* Work to be completed: Look through the entries below for the line with "Continue entering timesheet" and the line with "But in case", then give again exactly those two lines and all lines between them, minus the pictures.

* Given data:

· · ·

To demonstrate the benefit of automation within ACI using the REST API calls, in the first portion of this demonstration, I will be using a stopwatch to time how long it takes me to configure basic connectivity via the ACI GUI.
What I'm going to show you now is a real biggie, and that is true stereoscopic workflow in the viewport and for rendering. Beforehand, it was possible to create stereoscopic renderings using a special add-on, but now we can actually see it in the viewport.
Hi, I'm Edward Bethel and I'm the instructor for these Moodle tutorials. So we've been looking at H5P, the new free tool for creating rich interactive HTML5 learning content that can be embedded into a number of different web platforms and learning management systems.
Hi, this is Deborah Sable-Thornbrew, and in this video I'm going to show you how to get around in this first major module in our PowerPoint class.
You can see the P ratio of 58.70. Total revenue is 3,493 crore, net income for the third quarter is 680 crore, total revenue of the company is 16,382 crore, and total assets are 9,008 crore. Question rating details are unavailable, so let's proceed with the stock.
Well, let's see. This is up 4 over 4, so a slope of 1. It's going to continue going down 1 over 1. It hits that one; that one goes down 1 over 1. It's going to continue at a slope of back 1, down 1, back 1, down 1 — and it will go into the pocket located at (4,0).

· · ·

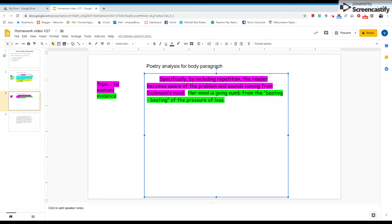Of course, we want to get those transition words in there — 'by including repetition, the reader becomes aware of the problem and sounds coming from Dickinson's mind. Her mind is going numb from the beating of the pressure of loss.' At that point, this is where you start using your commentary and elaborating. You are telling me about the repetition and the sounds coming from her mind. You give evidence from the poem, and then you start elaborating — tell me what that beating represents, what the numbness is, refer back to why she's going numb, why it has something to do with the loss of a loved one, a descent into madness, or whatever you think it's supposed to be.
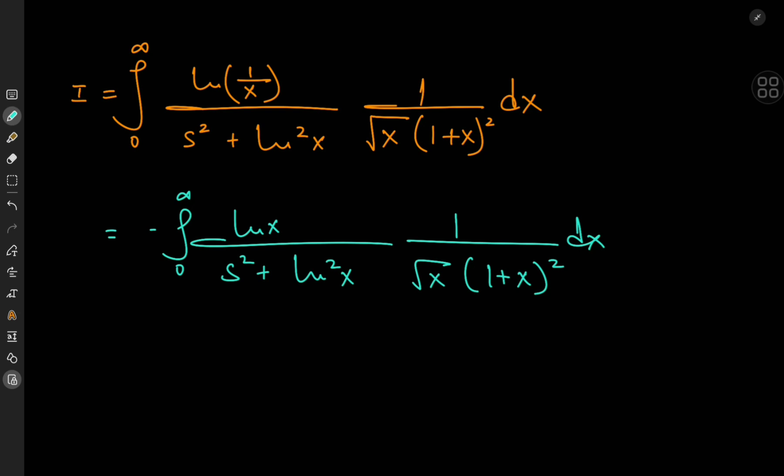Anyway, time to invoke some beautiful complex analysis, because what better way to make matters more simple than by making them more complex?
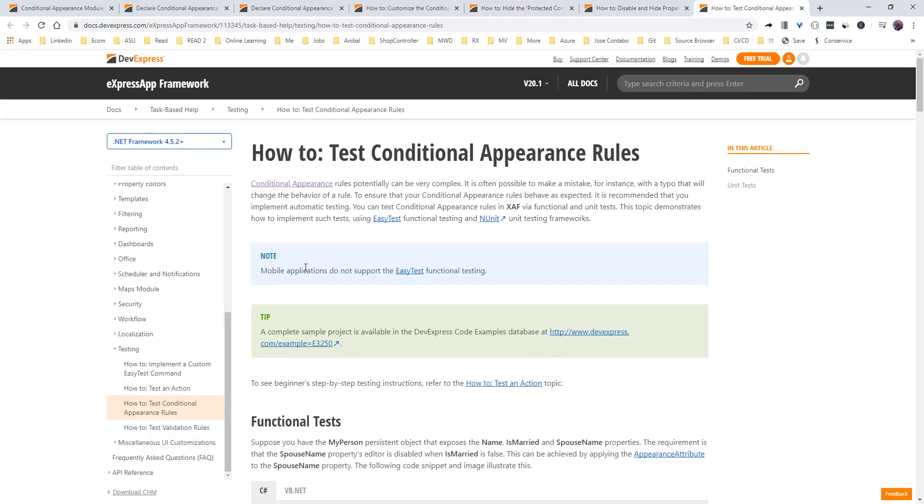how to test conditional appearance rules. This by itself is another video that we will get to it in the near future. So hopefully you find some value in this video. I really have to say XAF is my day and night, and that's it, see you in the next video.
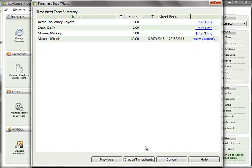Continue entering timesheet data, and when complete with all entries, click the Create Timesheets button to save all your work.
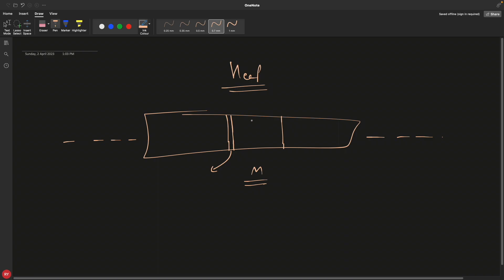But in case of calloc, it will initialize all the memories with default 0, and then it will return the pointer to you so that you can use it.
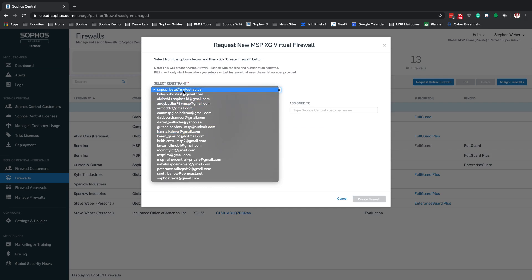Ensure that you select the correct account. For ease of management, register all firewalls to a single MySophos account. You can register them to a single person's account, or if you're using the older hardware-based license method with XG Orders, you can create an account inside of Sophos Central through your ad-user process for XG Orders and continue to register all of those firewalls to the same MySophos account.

· · ·

* Solution below:
Continue entering timesheet data, and when complete with all entries, click the Create Timesheets button to save all your work.
But in case of calloc, it will initialize all the memories with default 0, and then it will return the pointer to you so that you can use it.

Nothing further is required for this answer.